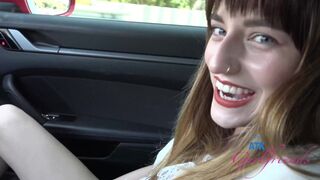 Bűbájos pov randi a cuki csoki hajú tini amatőr lánykával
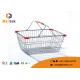Supermarket Boutique Metal Wire Baskets / Cosmetics Store Grocery Basket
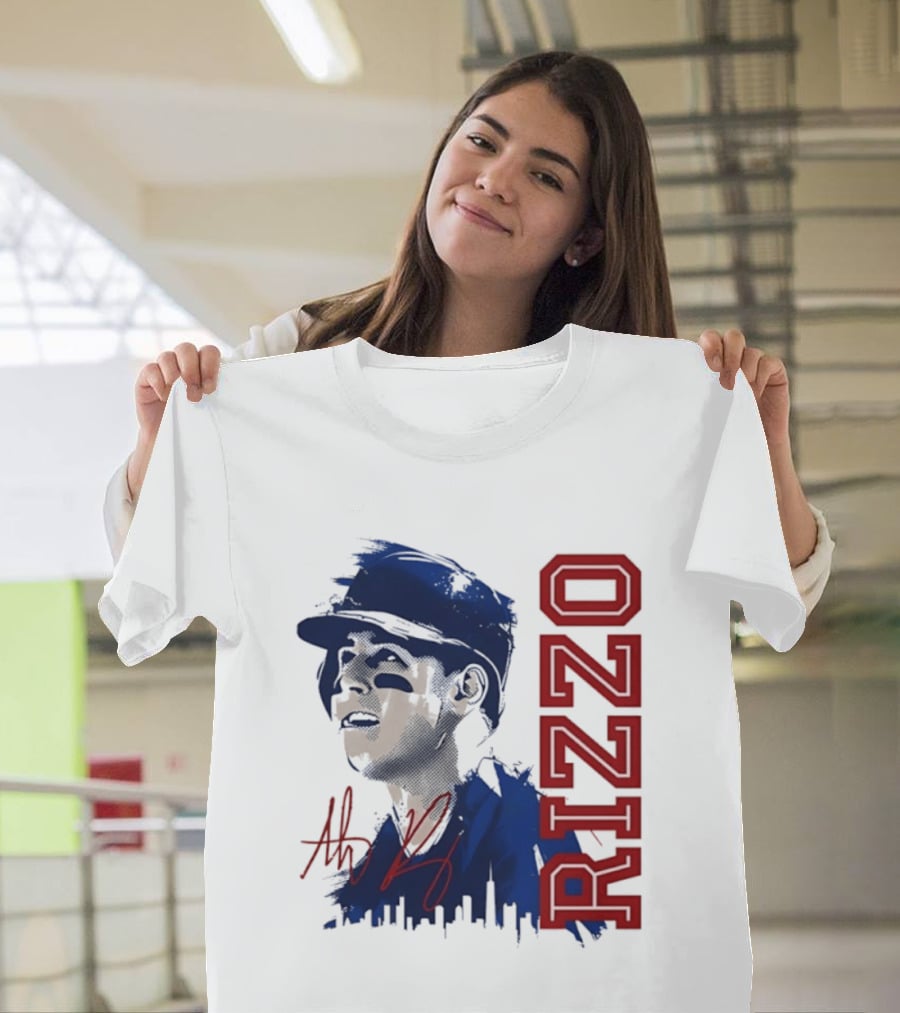 Anthony Rizzo Cubs Splatter Illustration Rizzo T-Shirt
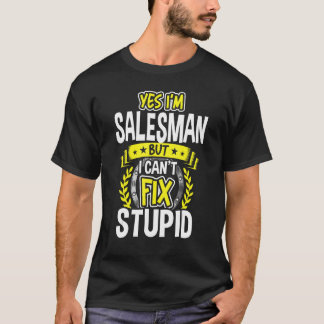 Camiseta Sim, sou o vendedor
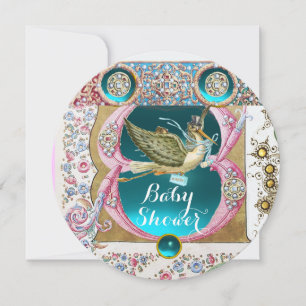 INVITACIÓN PEQUEÑA HISTORIA DE PRÍNCIPE BABY SHOWER,GEMSTONES
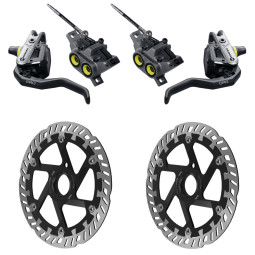 Sada brzd MAGURA GUSTAV PRO + Kotouče MDR-P Center Lock (203+203)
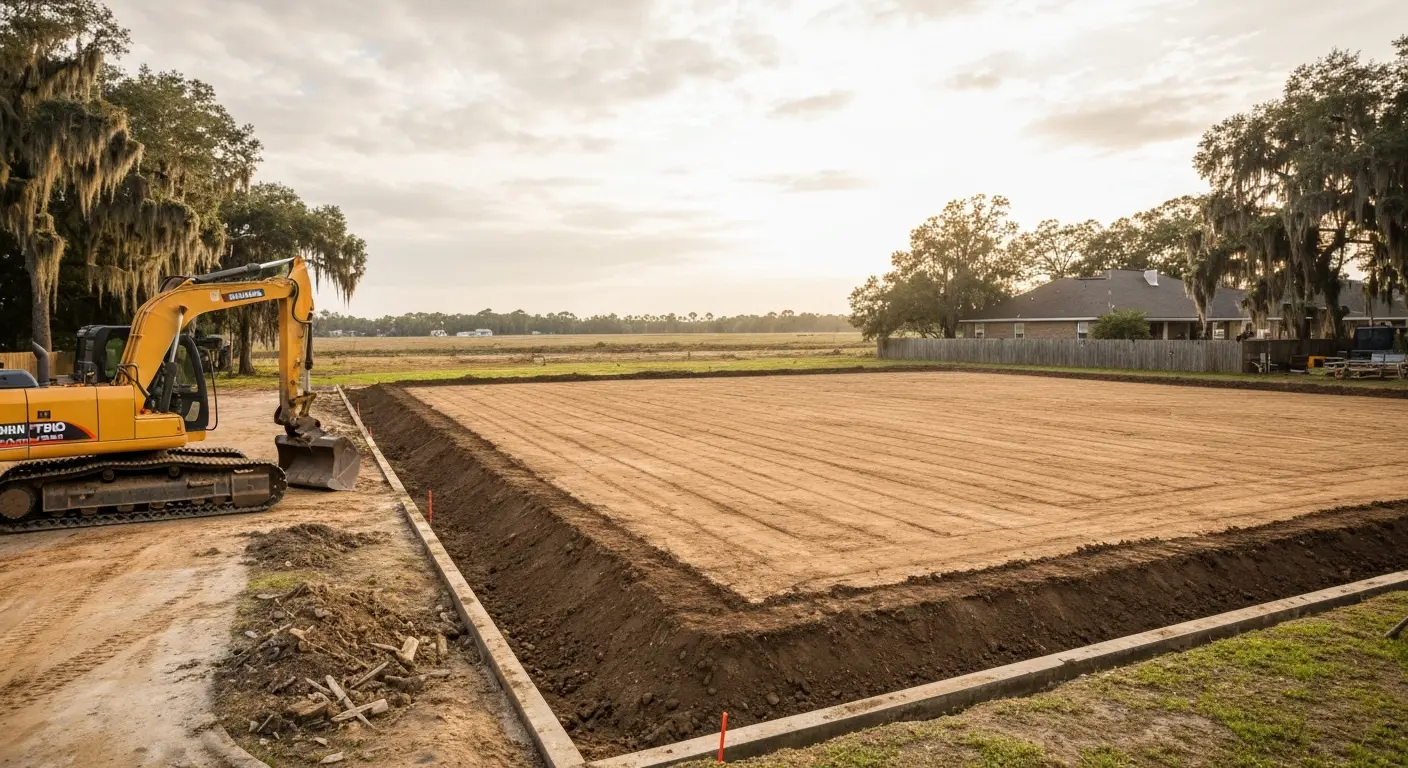 Land clearing and site preparation
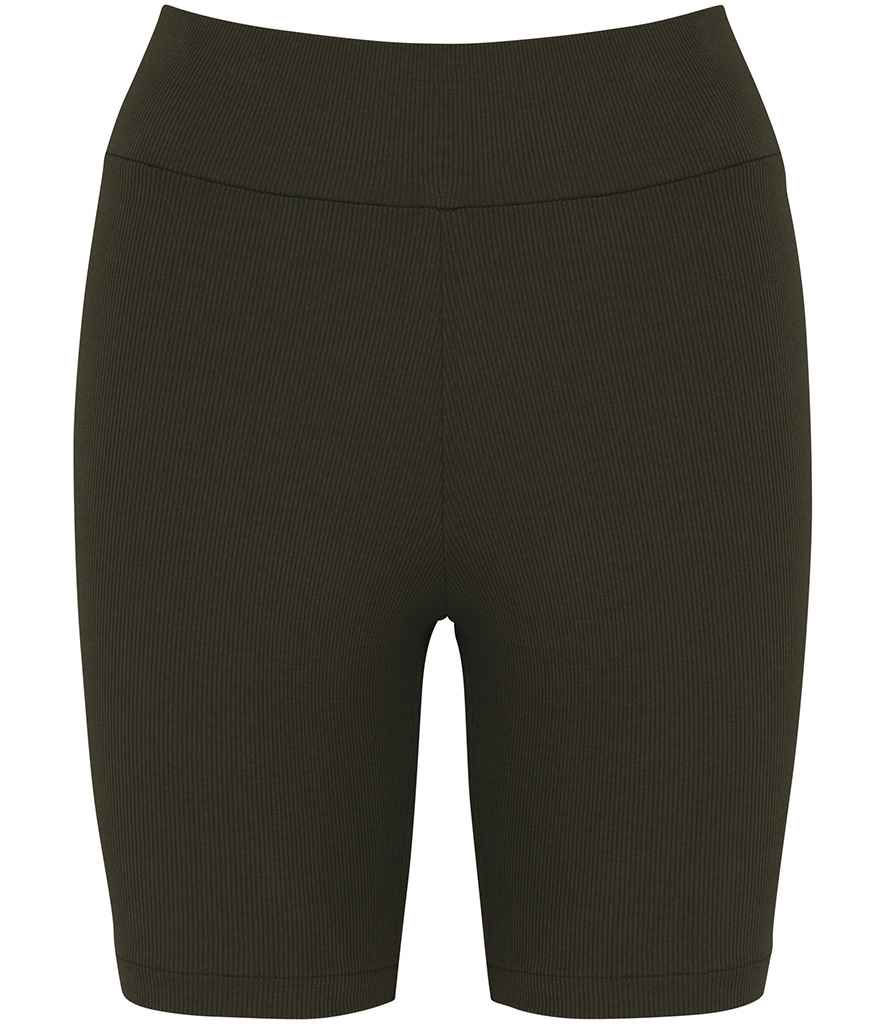 Organic Cotton Ribbed Shorts – Womens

--------------------------------

GOAL OF THE EXERCISE:
Output the entries exactly as they appear, with no pictures included.

WRITTEN ANSWER:
 Bűbájos pov randi a cuki csoki hajú tini amatőr lánykával
Supermarket Boutique Metal Wire Baskets / Cosmetics Store Grocery Basket
 Anthony Rizzo Cubs Splatter Illustration Rizzo T-Shirt
 Camiseta Sim, sou o vendedor
 INVITACIÓN PEQUEÑA HISTORIA DE PRÍNCIPE BABY SHOWER,GEMSTONES
 Sada brzd MAGURA GUSTAV PRO + Kotouče MDR-P Center Lock (203+203)
 Land clearing and site preparation
 Organic Cotton Ribbed Shorts – Womens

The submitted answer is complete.